In the current trial, the Vergara sisters have made some serious allegations concerning 3 of their past teachers. 15-year-old Beatriz Vergara, for example, claimed that her bad teachers couldn’t control their classes, simply didn’t care, or verbally abused their students. If these allegations are true, then certainly corrective actions should be taken. However, current California education codes already call for immediate suspension and dismissal for these violations. Why, then, attack tenure? And, more specifically, why attack labor protections belonging to all educators, both the “bad” and good?

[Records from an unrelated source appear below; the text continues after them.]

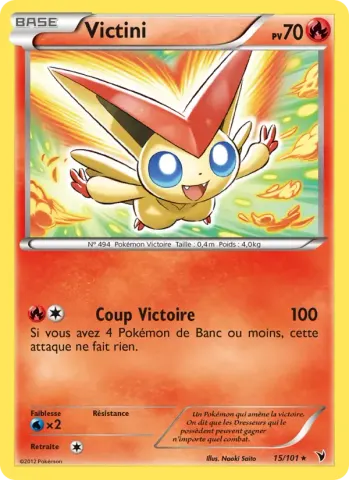 Victini · 15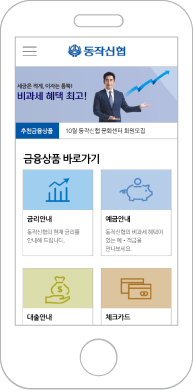 포트폴리오 목록이미지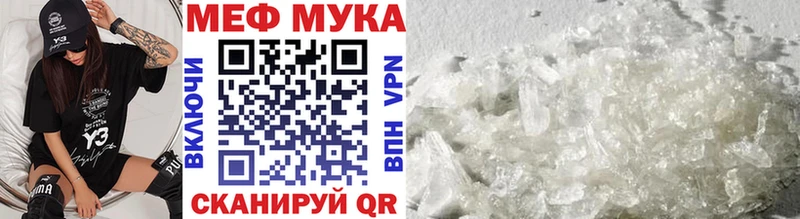 Меф мяу мяу  МЕГА ТОР  Ряжск 
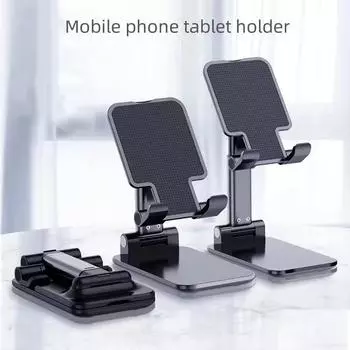 Новый настольный держатель для мобильного телефона, подставка для iPhone 16 iPad Xiaomi, регулируемый настольный держатель для планшета, универсальная настольная подставка для мобильного телефона белый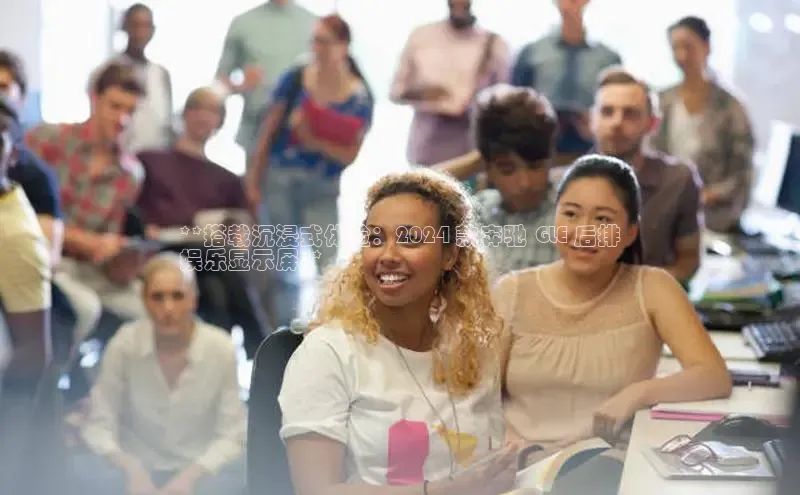 米乐m6易游网易**搭载沉浸式体验：2024 款奔驰 GLE 后排
娱乐显示屏**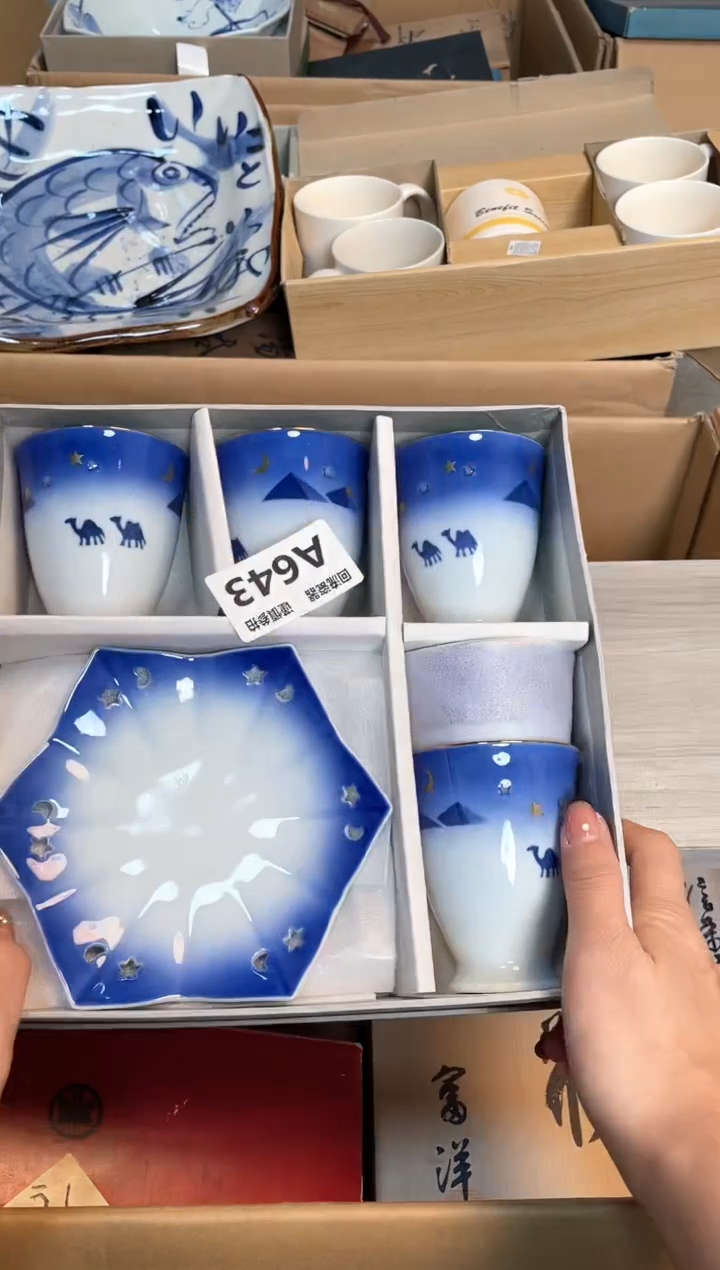 【闪购商品】闪购闪购闪购闪购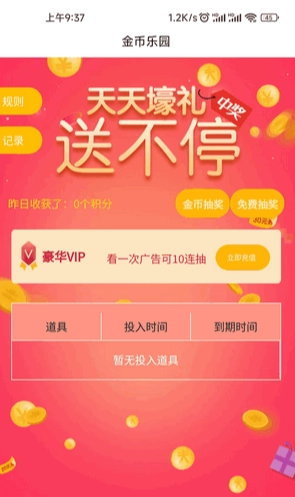 众客优品图3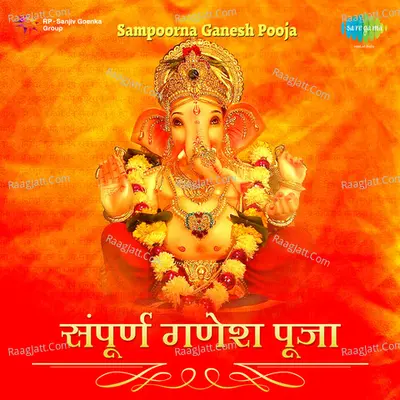 Naman Shri Ekdanta - Sampurna Ganesh Pooja - Nandu Honap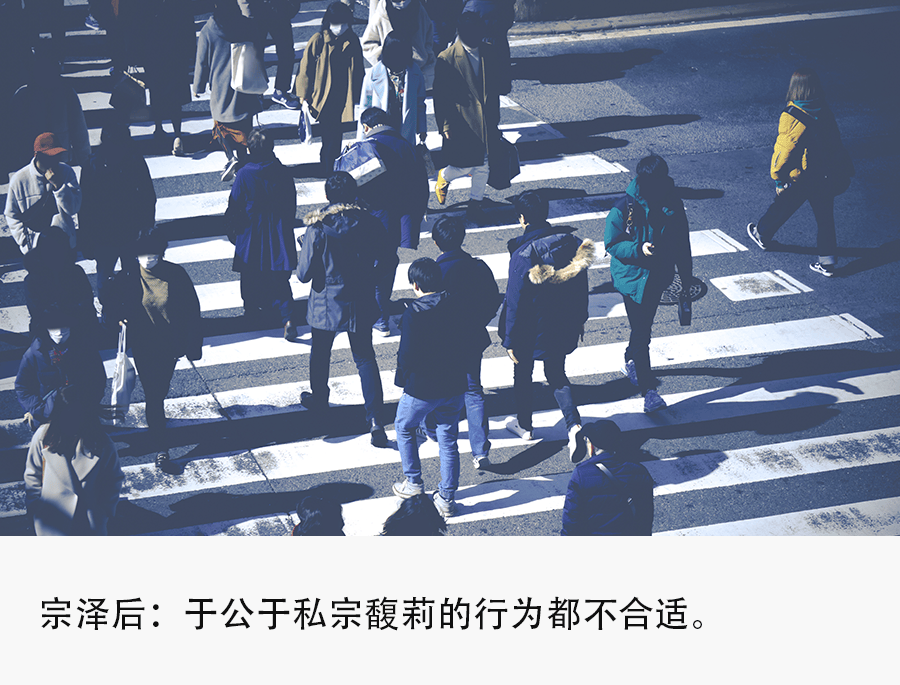 宗庆后弟弟喊话宗馥莉容纳弟妹,回应网传“三个孩子是叔叔的”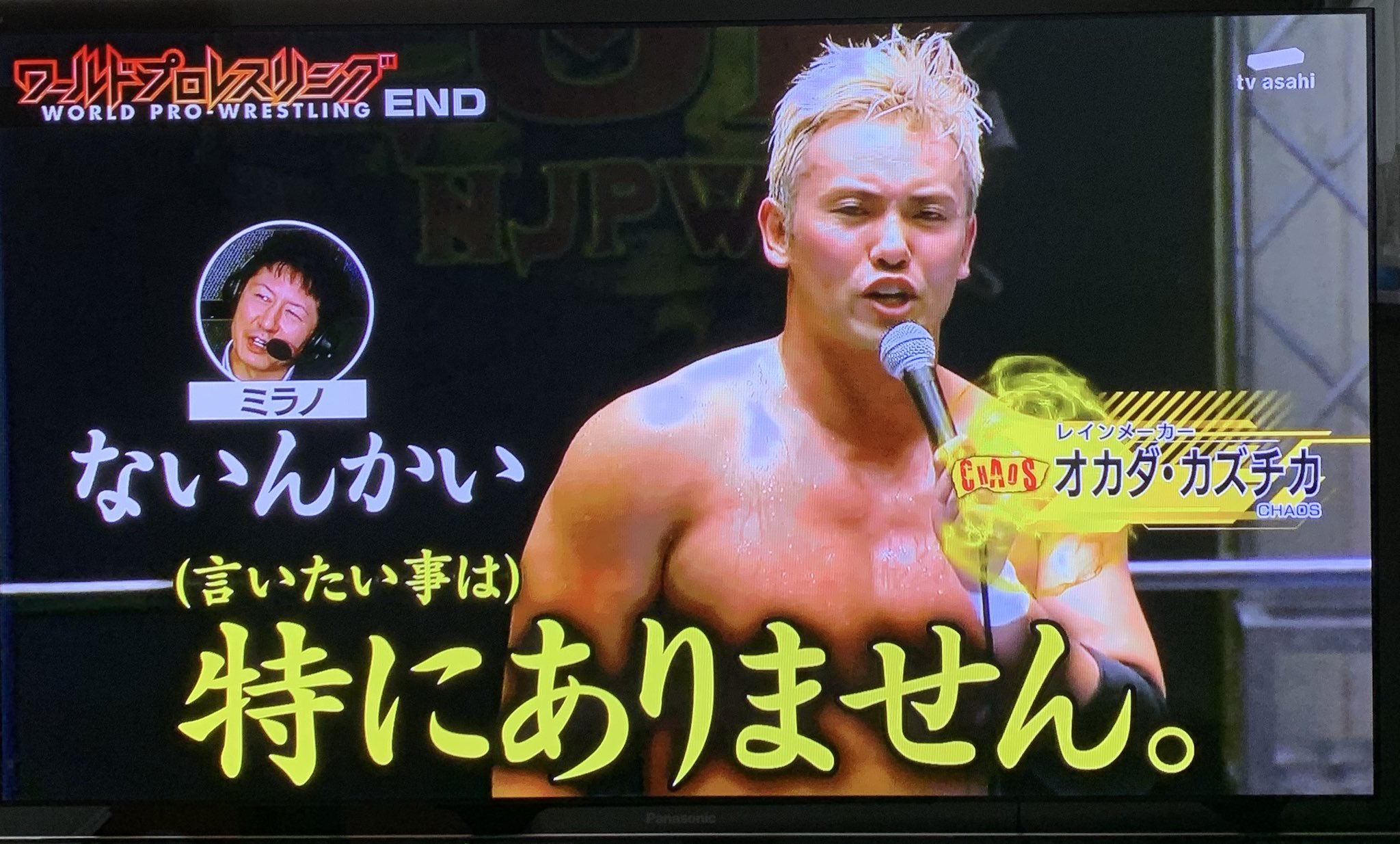 ラストレスラー／THE LAST WRESTLER on X: 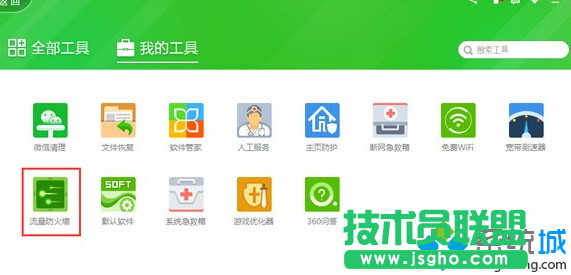 点击流量防火墙
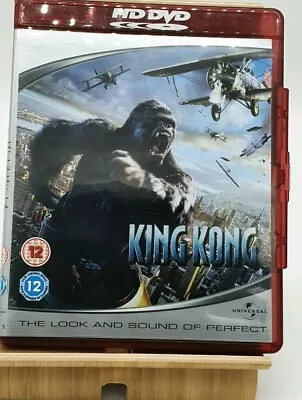 King Kong HD DVD 2006 - Image 1 of 2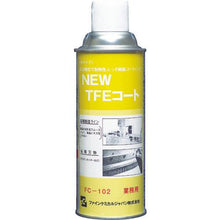 Load image into gallery viewer, FCJ New TFE Coat 420ml
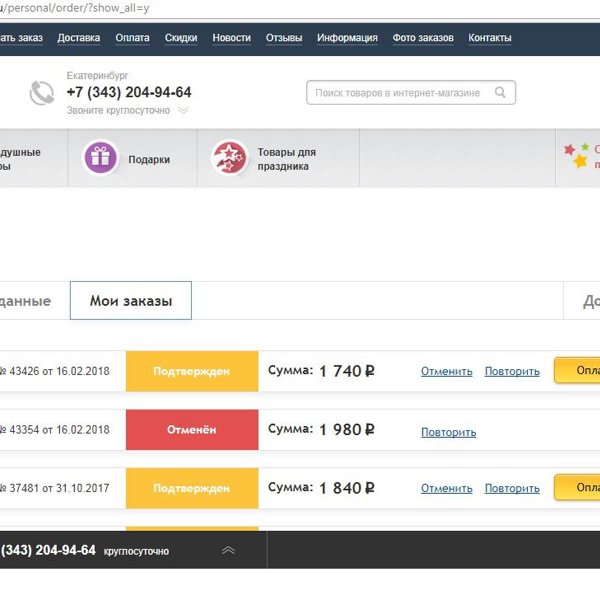 Funburg Ru Интернет Магазин Москва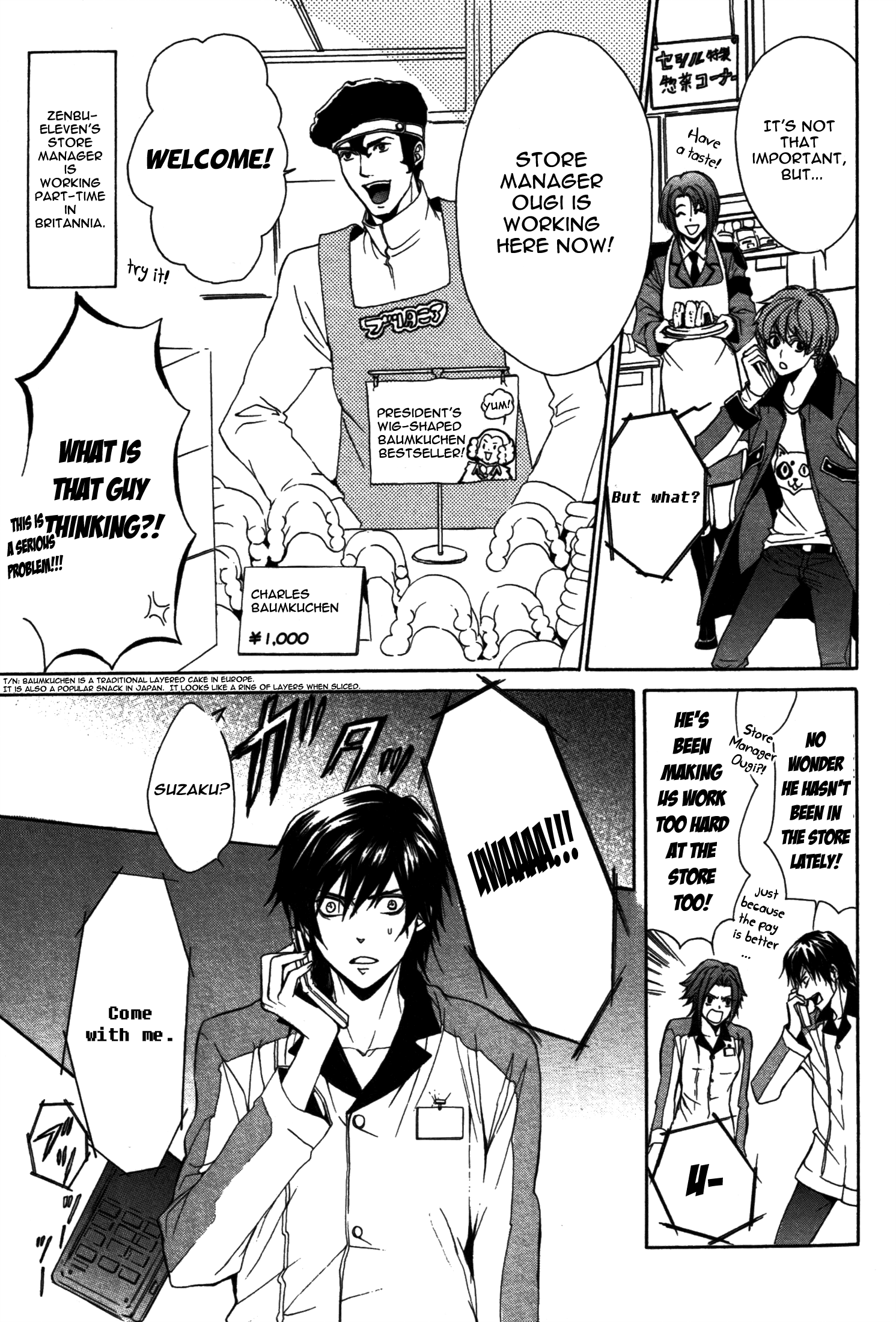 Barcode Geass: Hanbai no Lelouch Ch. 1 第9页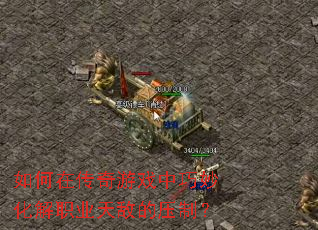 ����ڴ�����Ϸ�������ְҵ��е�ѹ�ƣ�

The plaintiffs want everyone to think that tenure—and other labor rights—creates lethargic teachers who stop performing once vested. However, research shows that this is not true. As stated by Stanford’s Center for Research on Educational Outcomes, charter schools without teacher tenure have been found to perform no better (perhaps worse) than comparable public schools with teacher tenure. Furthermore, states without binding teacher contracts perform much worse on national assessments than states with the protection of a binding contract. Thus, not only is the alleged “bad behavior” paraded through the Vergara trial anecdotal, but the assertion that tenure leads to bad behavior is mendacious as well.

The sketchy fantasy of the bad teacher, then, acts as a synecdoche that stands in for all teachers, justifying the systematic destruction of labor protections that have spanned over 100 years. Like the fabricated “welfare queen” narrative of the 1980s, the “bad teacher” mythos is deployed to attack protections that are widely beneficial: a bludgeon used to beat public opinion into shape.

Empirically, however, the “bad teacher” is little more than an unsubstantiated spirit: a ghost deployed by privatizers to achieve a lucrative agenda. But as narrative, bad teacher fantasies also resonate with the beliefs, experiences, and frustrations of citizens—making such accounts all the more dangerous.

For advocates of the corporate education reform movement, this trial represents an important battle in the war on teacher unions. Teachers’ unions are among the few social blocs that can effectively oppose the corporate campaign for a profit-driven education system. Accordingly, any assault that drains valuable resources from these unions can be counted a victory: Better to attack tenure than risk a fight over new rights, improved benefits, or higher wages. “The best defense…” as the aphorism goes.

All told, the outcome of Vergara vs. California will have widespread implications that will deeply affect the arena of educational policy in our nation. However, it must also be said that this trial represents much more than a mundane policy debate. It speaks to labor and politics, profits and ideology, obfuscation and fantasy: Everything except education itself. Unless teachers, parents, and students form broad collations to actively shape schooling in their communities, the corporate education reform movement will continue to drive such conversations—all the way to the bank if we let them.